Il est indispensable de désigner un nombre équivalent d'hommes et de femmes. Cette commission étant compétente pour les litiges de droit public et privé, elle doit être divisée en plusieurs sections. En fonction de la nature du litige, la présidence constitue les sections qui sont composées d'un-e assesseur-e représentant les employé-e-s et d'un-e assesseur-e représentant les employeur-e-s.
Articles 4 et 5
L'objectif visé par la LEg est clair. Simplicité et gratuité doivent être garanties afin que les personnes discriminées soient incitées à entreprendre les démarches judiciaires. L'existence dans la Constitution fédérale de l'article 4, alinéa 2, n'a pas permis de faire émerger un nombre important de procès en matière salariale, non pas suite à la disparition miraculeuse de la discrimination, mais bien par le fait que les procédures étaient lourdes et dissuasives. Ainsi, la commission de conciliation peut être saisie sur simple lettre.
La commission doit, par contre, être dotée d'un certain nombre de moyens si l'on veut faire de la procédure de conciliation un passage utile et efficace et éviter une trop grande judiciarisation des affaires traitées. Ces moyens sont notamment la reconvocation des parties, l'appel à des tiers ou à des expert-e-s.

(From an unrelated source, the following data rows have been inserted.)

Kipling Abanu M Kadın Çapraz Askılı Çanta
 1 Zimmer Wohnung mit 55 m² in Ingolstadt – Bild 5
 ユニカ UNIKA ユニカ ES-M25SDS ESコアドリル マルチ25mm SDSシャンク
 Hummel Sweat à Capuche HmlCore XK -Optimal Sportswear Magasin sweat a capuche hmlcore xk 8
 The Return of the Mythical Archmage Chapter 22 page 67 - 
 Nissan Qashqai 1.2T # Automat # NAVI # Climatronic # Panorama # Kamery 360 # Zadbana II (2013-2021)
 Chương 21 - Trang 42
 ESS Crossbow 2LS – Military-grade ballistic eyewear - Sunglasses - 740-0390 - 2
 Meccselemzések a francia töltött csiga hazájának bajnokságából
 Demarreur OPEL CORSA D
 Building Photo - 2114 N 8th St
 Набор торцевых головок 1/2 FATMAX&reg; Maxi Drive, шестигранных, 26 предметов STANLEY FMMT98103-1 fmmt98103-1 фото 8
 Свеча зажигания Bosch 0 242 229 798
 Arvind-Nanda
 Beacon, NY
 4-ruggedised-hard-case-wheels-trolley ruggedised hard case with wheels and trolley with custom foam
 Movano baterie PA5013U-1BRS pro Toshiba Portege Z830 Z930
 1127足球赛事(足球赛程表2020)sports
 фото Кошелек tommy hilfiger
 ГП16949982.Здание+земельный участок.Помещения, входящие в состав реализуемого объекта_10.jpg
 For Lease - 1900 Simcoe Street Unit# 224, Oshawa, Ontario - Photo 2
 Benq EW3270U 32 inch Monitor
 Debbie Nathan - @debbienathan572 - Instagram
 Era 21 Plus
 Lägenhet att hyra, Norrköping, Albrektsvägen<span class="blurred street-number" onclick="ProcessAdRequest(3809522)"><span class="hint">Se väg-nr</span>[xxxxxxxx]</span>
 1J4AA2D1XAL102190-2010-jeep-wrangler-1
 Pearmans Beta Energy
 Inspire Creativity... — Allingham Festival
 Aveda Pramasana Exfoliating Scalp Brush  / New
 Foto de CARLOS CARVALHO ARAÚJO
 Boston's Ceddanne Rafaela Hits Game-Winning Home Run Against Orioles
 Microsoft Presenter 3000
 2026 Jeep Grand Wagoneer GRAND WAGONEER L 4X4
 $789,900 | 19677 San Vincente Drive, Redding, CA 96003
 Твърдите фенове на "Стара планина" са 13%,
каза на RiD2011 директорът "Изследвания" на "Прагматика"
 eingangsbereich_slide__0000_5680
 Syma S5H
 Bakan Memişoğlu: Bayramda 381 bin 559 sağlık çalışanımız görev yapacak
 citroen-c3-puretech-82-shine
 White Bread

La LEg prévoit, en son article 12, que les cantons ne peuvent exclure ni le droit des parties de se faire représenter, ni la procédure écrite, ni la gratuité de la procédure, cela indépendamment de la valeur litigieuse. Cette obligation est valable devant la commission de conciliation, devant le Tribunal des prud'hommes et du Tribunal administratif.
Article 6
Le but principal de la conciliation est de parvenir à un accord. En cas d'échec de conciliation, l'accès à la justice doit être facilité, aussi l'affaire doit pouvoir être transmise d'office au Tribunal des prud'hommes dans les différends de droit privé et au Tribunal administratif dans les différents de droit public. Compte tenu du délai usuel de recours de 30 jours à compter de la notification d'une décision, il est indispensable de prévoir que le dépôt d'une demande suspend ce délai pendant la durée de la procédure.
Autres modifications législatives
Loi sur la juridiction des prud'hommes (E 3 10)
Article 3 bis (nouveau)
Ainsi que nous l'avons développé, il est indispensable, au vu de la complexité, que les litiges en matière d'égalité puissent être traités de la manière la plus uniforme possible afin qu'une pratique et une jurisprudence constante se développent. Cet objectif général a plus de chance d'être atteint si toutes les affaires sont traitées par un groupe ad hoc du Tribunal des prud'hommes.
Remarques: la loi sur la juridiction des prud'hommes sera révisée prochainement. Au stade actuel de consultation, nous ne proposons pas de modification concernant les mesures provisionnelles, qui restent, pour l'heure, de la compétence du Tribunal de première instance.
Loi sur le Tribunal administratif (E 5 05)
Elle est modifiée par:
a) un nouvel article 8 (Recours liste des attributions), chiffre 8 bis, tenant compte du fait que le Tribunal administratif est saisi lorsque la procédure de conciliation a échoué pour les litiges de droit public;
b) une disposition ouvrant la voie pour les actions défensives au sens de l'article 5 de la LEg;
c) une disposition tenant compte de la problématique de la suspension du délai usuel de 30 jours.
Au vu des explications ci-dessus, nous vous recommandons, Mesdames et Messieurs les députés, d'approuver ce projet de loi.
Ce projet est renvoyé à la commission judiciaire sans débat de préconsultation.